ABOUT THIS EXERCISE: Only the lines from the beginning of the material below through the line with "The Patek Philippe" should be retyped exactly, and pictures are to be skipped.

MATERIAL TO PROCESS:

== Segment start ==

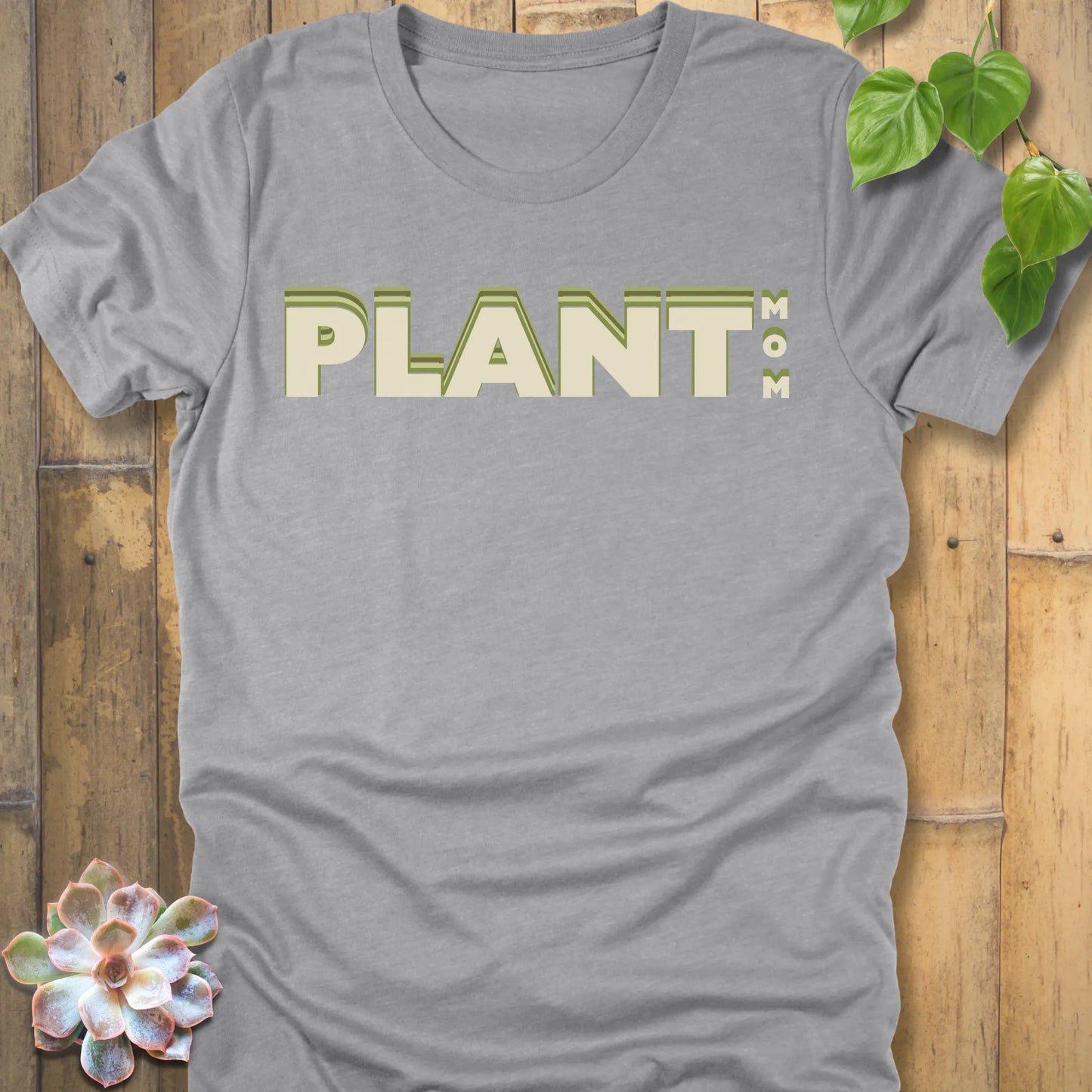 Athletic Heather t-shirt featuring the design Plant Mom printed in bold green letters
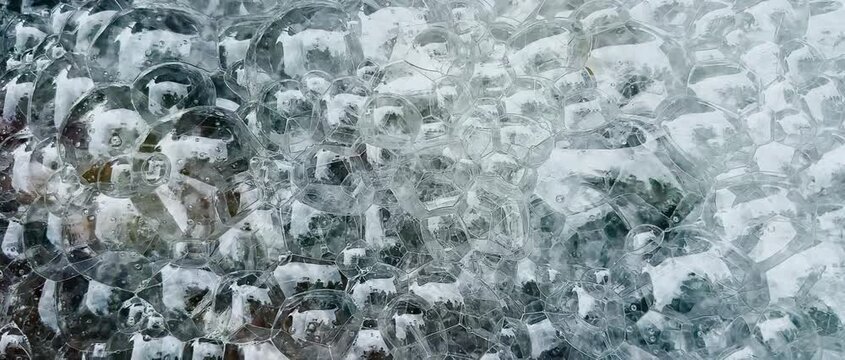 Close-up view of oxygen bubbles rising through water in a fish tank, creating aeration and surface movement. Freshwater aquarium background for aquatic life, fish care, and water quality.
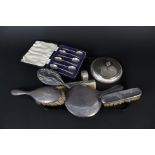 A mixed lot of silver and silver plated items including mirror, brushes,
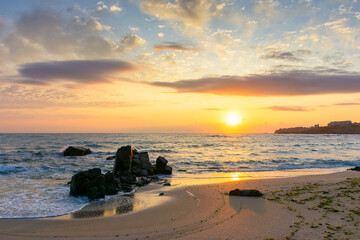 sunrise at the beach with gorgeous sky. summer getaway wallpaper on a black sea. vacation season. calm water and orange clouds. bulgaria travel background. sunny holiday seascape. sun above horizon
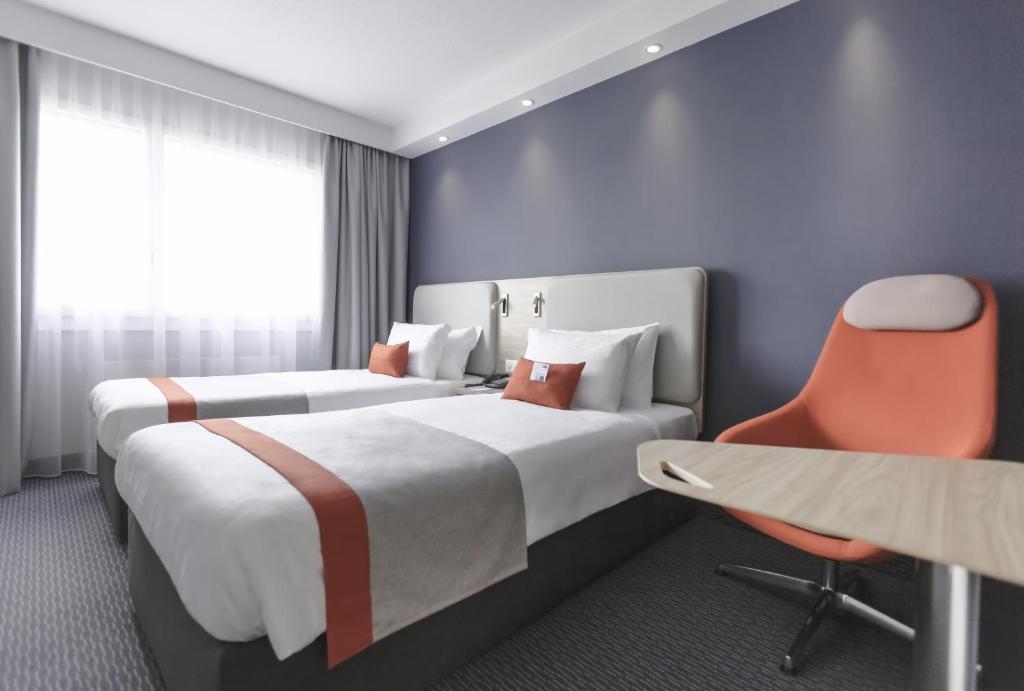 una camera d'albergo con due letti e una sedia di Holiday Inn Express Luzern-Neuenkirch by IHG a Rothenburg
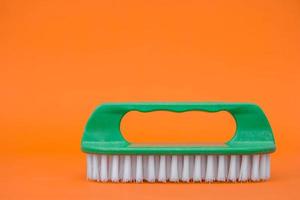 spazzola di pulizia verde su sfondo arancione foto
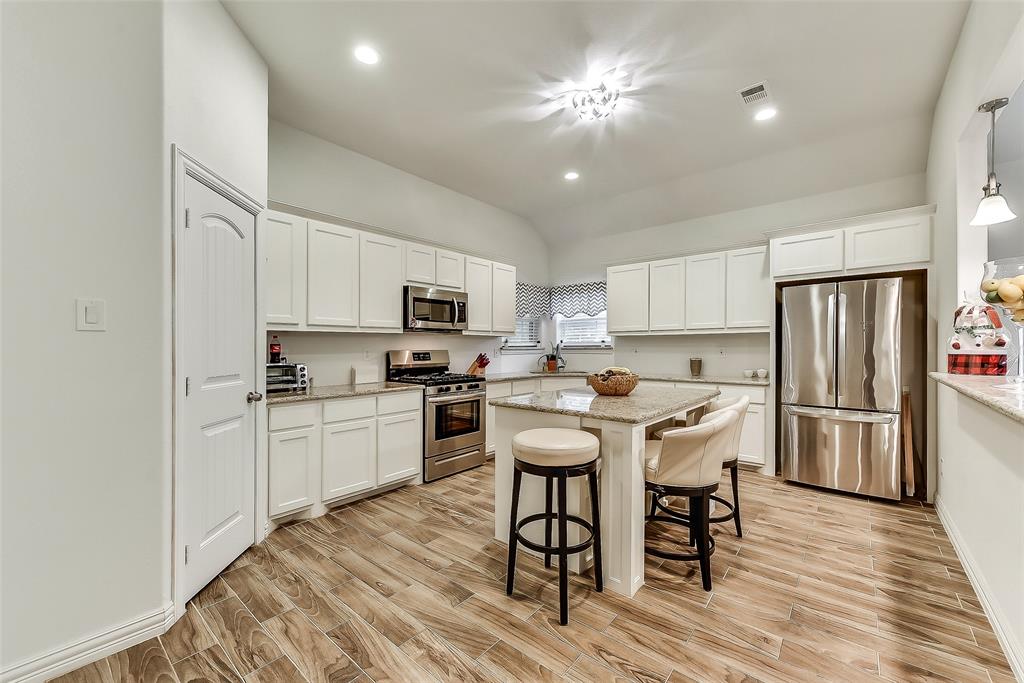 A kitchen with white cabinets , stainless steel appliances , and a large island.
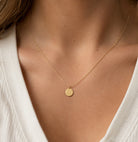 [group: 10k-gold] A delicate gold chain necklace with a small round engraved disc pendant, worn on a model's neck over a white ribbed top.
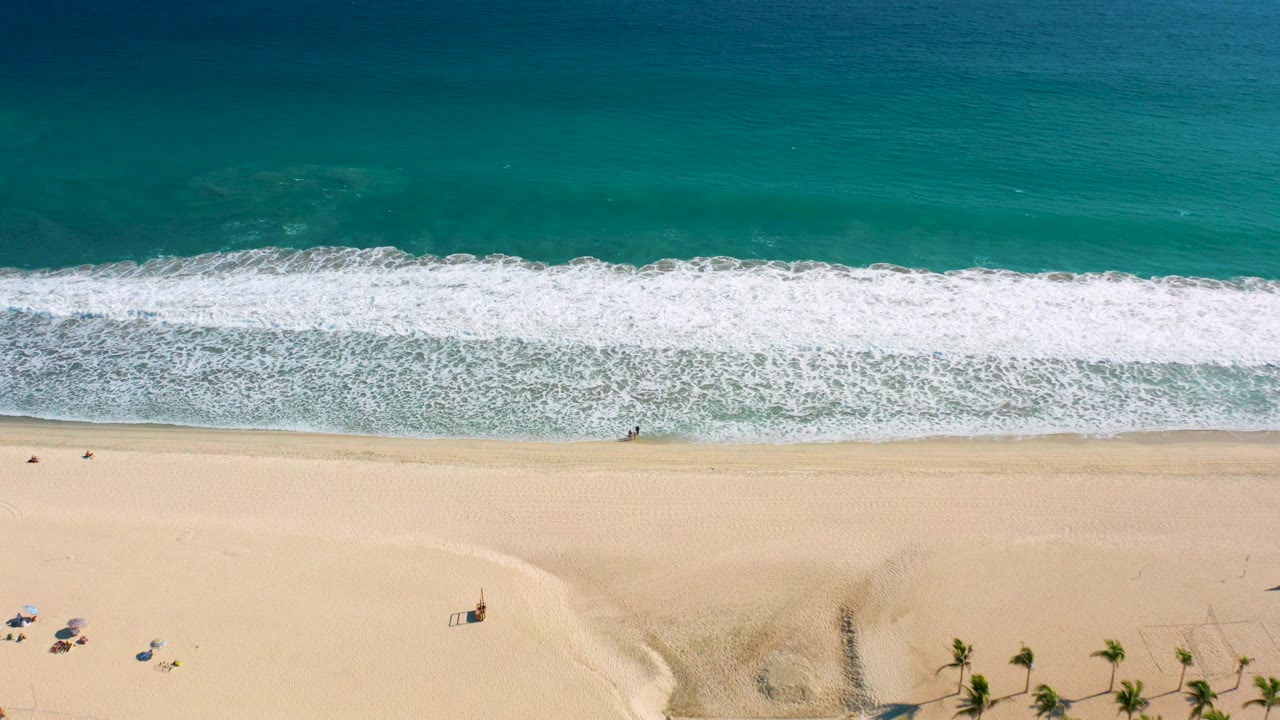 Overhead San Jose del Cabo beach frame showing turquoise ocean, a wide white surf line, pale sand, umbrellas, palm trees near the lower edge, and tiny distant people.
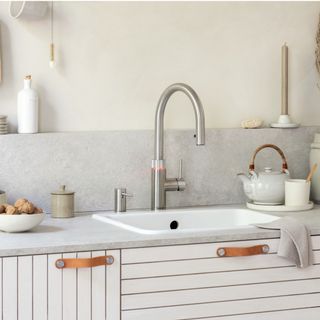 boiling water tap in front of a white sink with a grey splashback and countertop, white cabinets and a grey teapot
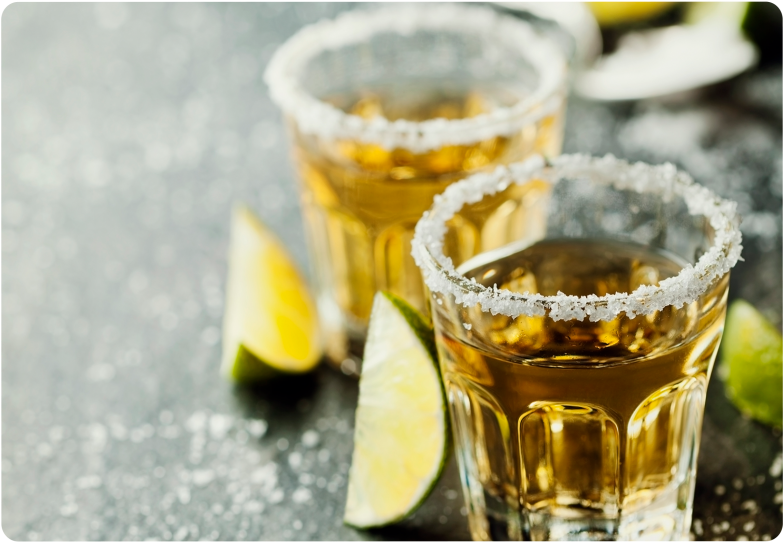 Salt Rimmed Tequila Shots With Lime Wedges PNG
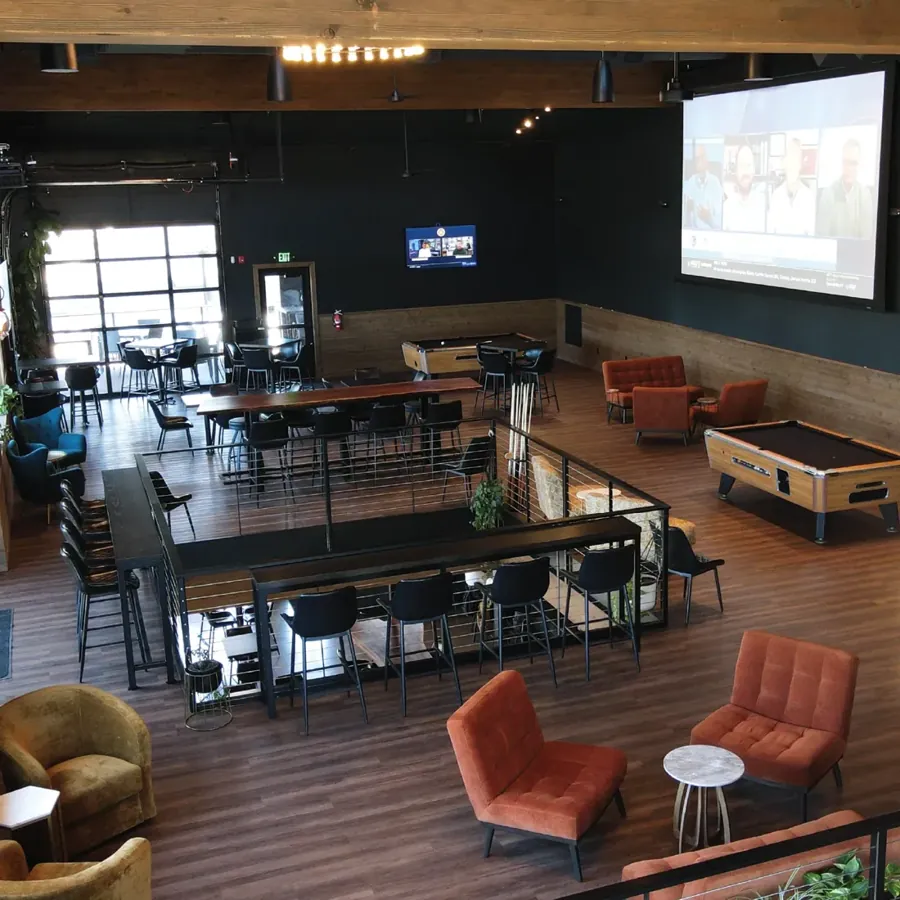 The indoor seating area and big projection screen at Base Camp in Bend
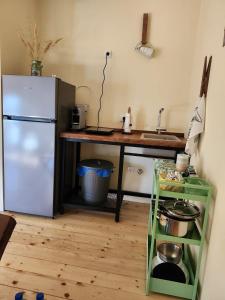 a kitchen with a refrigerator and a table with a sink at Splav La-familia in Umka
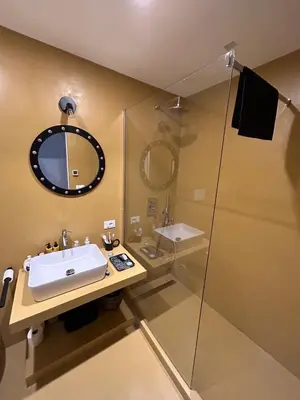 a bathroom with a sink and a shower with a mirror at Bright Apartment in San Lorenzo - Feel at Home in Rome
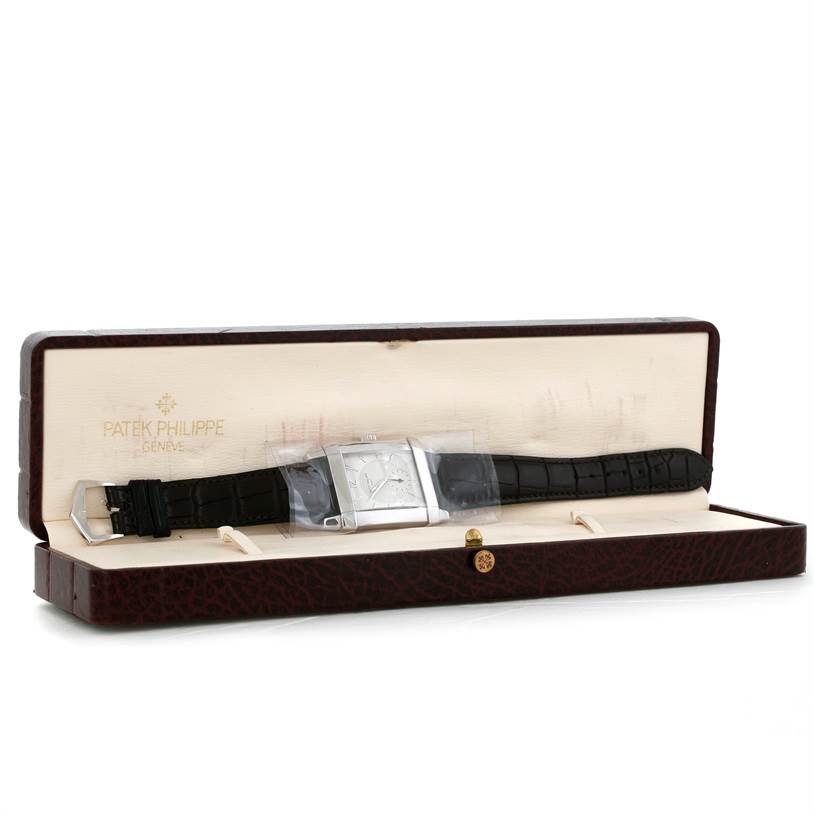 The Patek Philippe Gondolo 5111G Men's White Gold Silver Dial 5111G Men's White Gold Silver Dial watch is displayed front-on in an open leather case, showing its face and black leather strap.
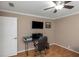 Home office features built-in shelving and hardwood floors at 599 Centerwood Dr, Tarpon Springs, FL 34688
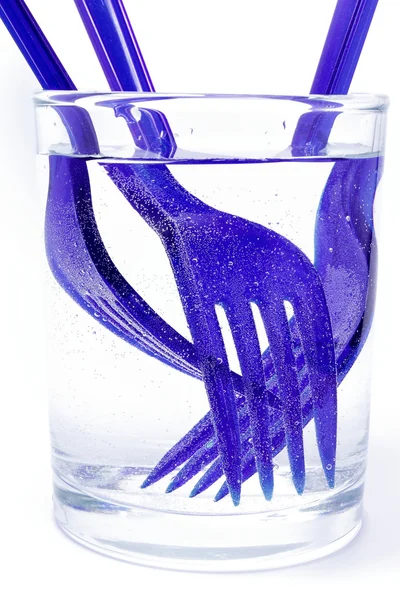 Garfos descartáveis em um copo de água — Fotografia de Stock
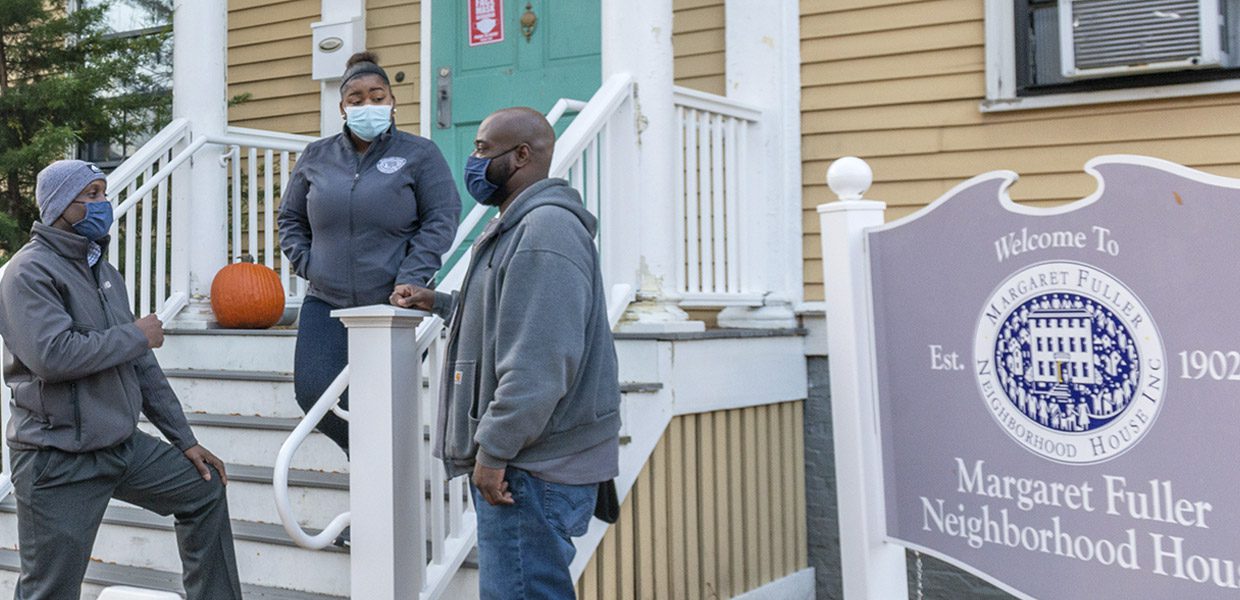 Three Cambridge residents outside the Margaret Fuller Neighborhood House. Photo credit Lou Jones.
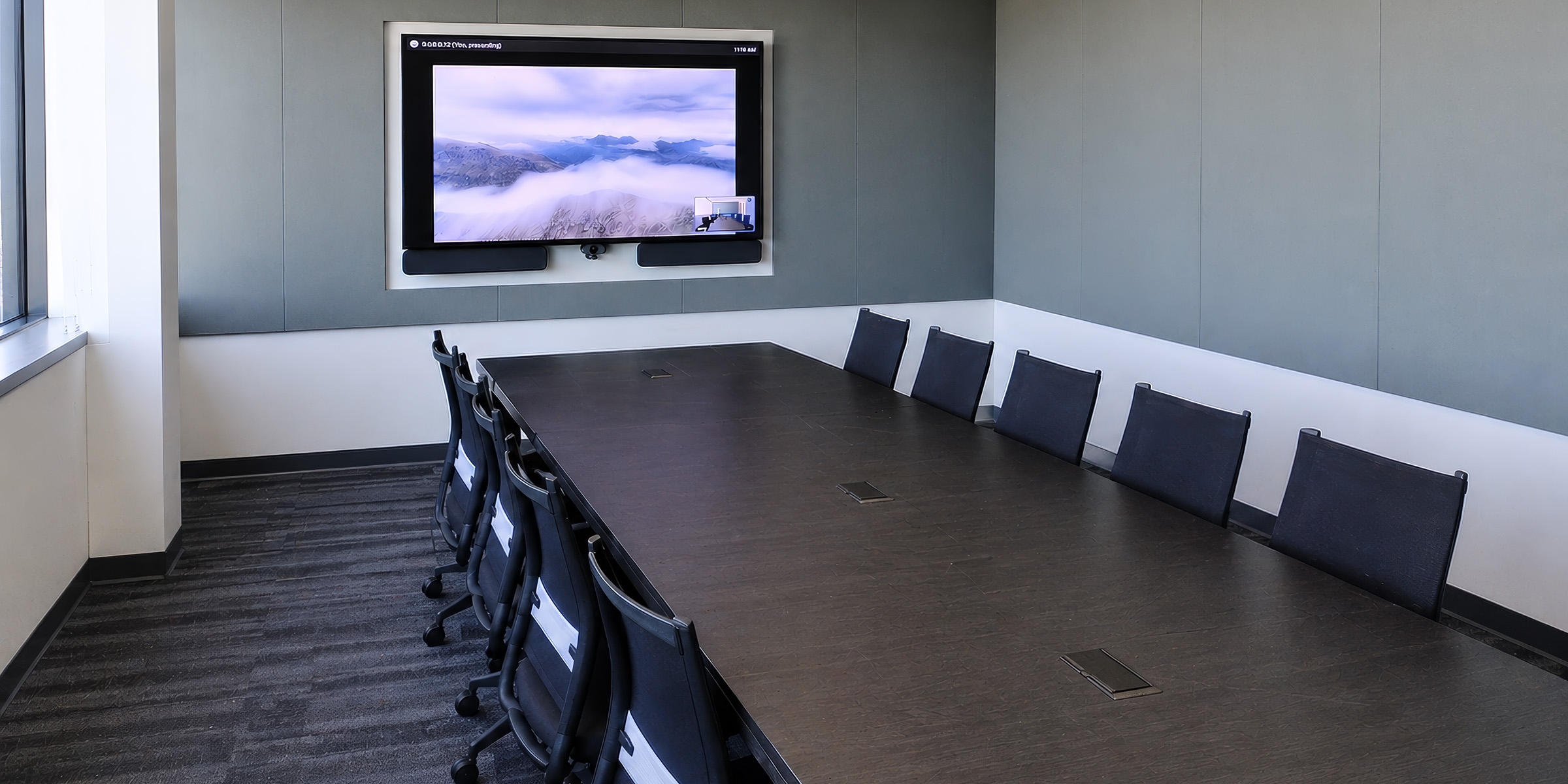 Enterprise meeting room with integrated AV systems and hybrid collaboration tools for production teams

== Segment end ==

EXPECTED ANSWER:
 Athletic Heather t-shirt featuring the design Plant Mom printed in bold green letters
 Close-up view of oxygen bubbles rising through water in a fish tank, creating aeration and surface movement. Freshwater aquarium background for aquatic life, fish care, and water quality.
 A mixed lot of silver and silver plated items including mirror, brushes,
 sunrise at the beach with gorgeous sky. summer getaway wallpaper on a black sea. vacation season. calm water and orange clouds. bulgaria travel background. sunny holiday seascape. sun above horizon
 una camera d'albergo con due letti e una sedia di Holiday Inn Express Luzern-Neuenkirch by IHG a Rothenburg
 spazzola di pulizia verde su sfondo arancione foto
 A kitchen with white cabinets , stainless steel appliances , and a large island.
 [group: 10k-gold] A delicate gold chain necklace with a small round engraved disc pendant, worn on a model's neck over a white ribbed top.
 Overhead San Jose del Cabo beach frame showing turquoise ocean, a wide white surf line, pale sand, umbrellas, palm trees near the lower edge, and tiny distant people.
 boiling water tap in front of a white sink with a grey splashback and countertop, white cabinets and a grey teapot
 Salt Rimmed Tequila Shots With Lime Wedges PNG
 The indoor seating area and big projection screen at Base Camp in Bend
 a kitchen with a refrigerator and a table with a sink at Splav La-familia in Umka
 a bathroom with a sink and a shower with a mirror at Bright Apartment in San Lorenzo - Feel at Home in Rome
 The Patek Philippe Gondolo 5111G Men's White Gold Silver Dial 5111G Men's White Gold Silver Dial watch is displayed front-on in an open leather case, showing its face and black leather strap.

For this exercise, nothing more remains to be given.